• Assigned task
What needs reproducing is the run of lines in the data below starting at the line with "shape ring, Stunning" and ending at the line with "四川阿坝理县毕棚沟景区的雪山", both ends included. Copy it exactly, without pictures, and add nothing.
*** Opening Dataset records ***
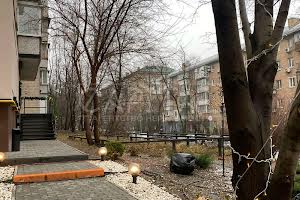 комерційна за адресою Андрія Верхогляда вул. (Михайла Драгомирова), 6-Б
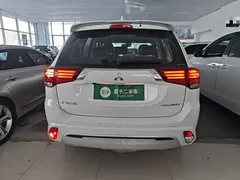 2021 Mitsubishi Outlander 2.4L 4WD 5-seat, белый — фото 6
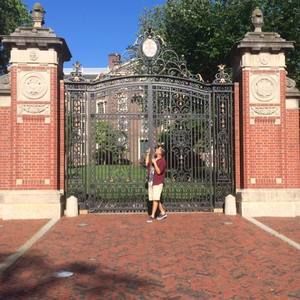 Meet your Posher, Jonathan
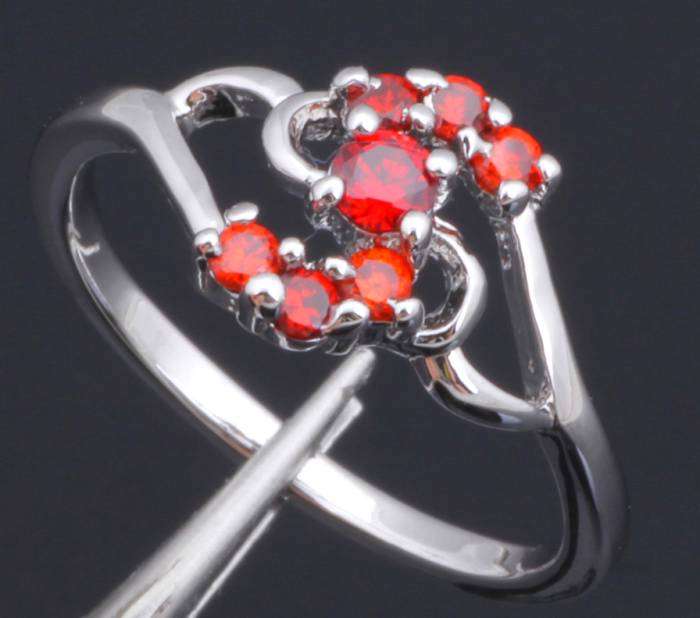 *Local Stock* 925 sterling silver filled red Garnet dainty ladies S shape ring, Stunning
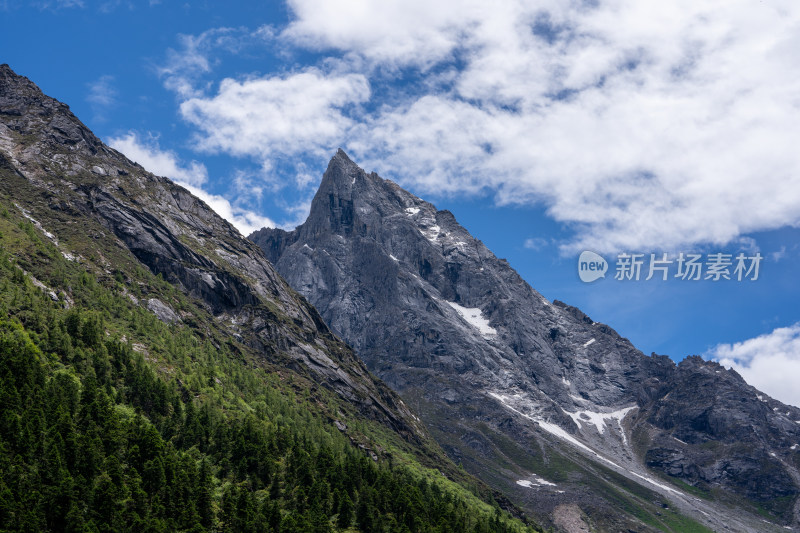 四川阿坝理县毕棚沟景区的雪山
*** Closing Dataset records ***
*** Opening Dataset records ***
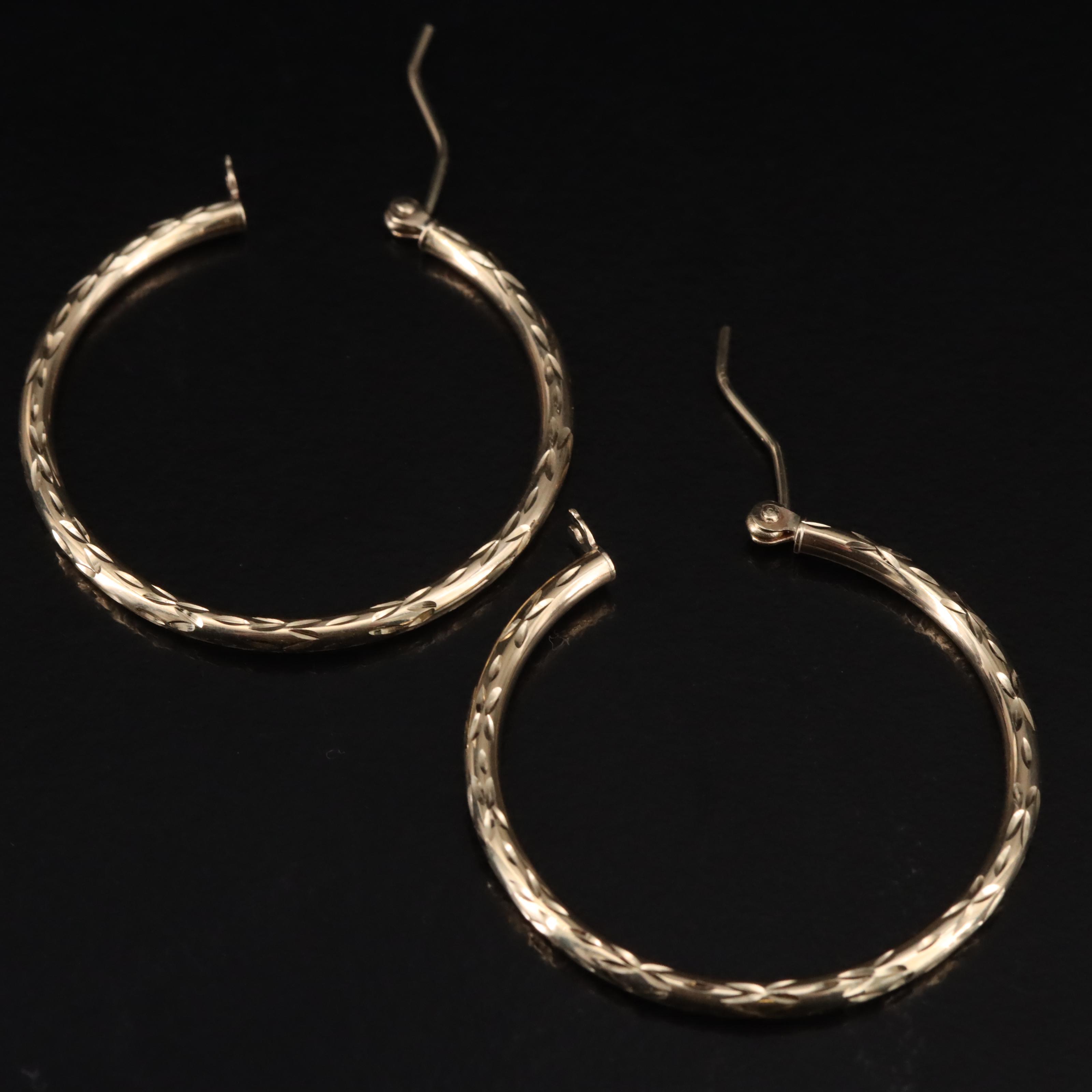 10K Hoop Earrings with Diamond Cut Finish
*** Closing Dataset records ***
*** Opening Dataset records ***
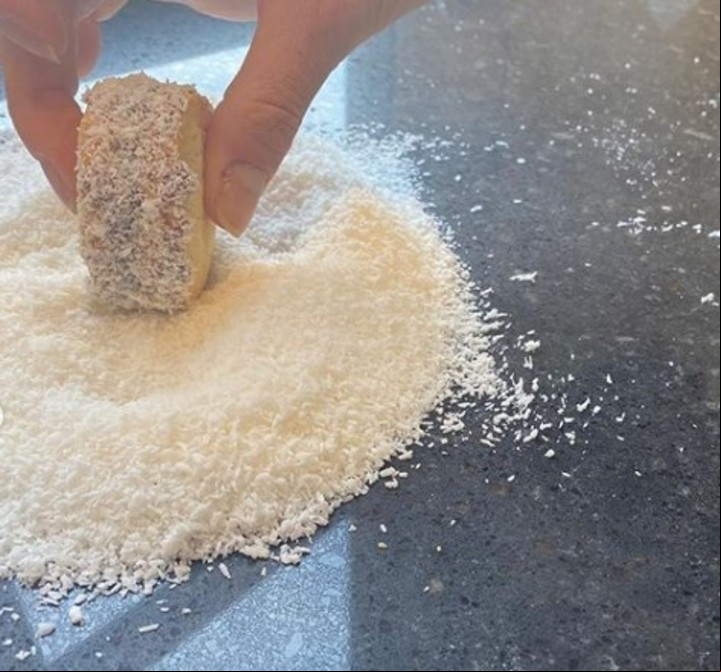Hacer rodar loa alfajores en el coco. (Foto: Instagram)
*** Closing Dataset records ***
• Solution to the exercise
 *Local Stock* 925 sterling silver filled red Garnet dainty ladies S shape ring, Stunning
 四川阿坝理县毕棚沟景区的雪山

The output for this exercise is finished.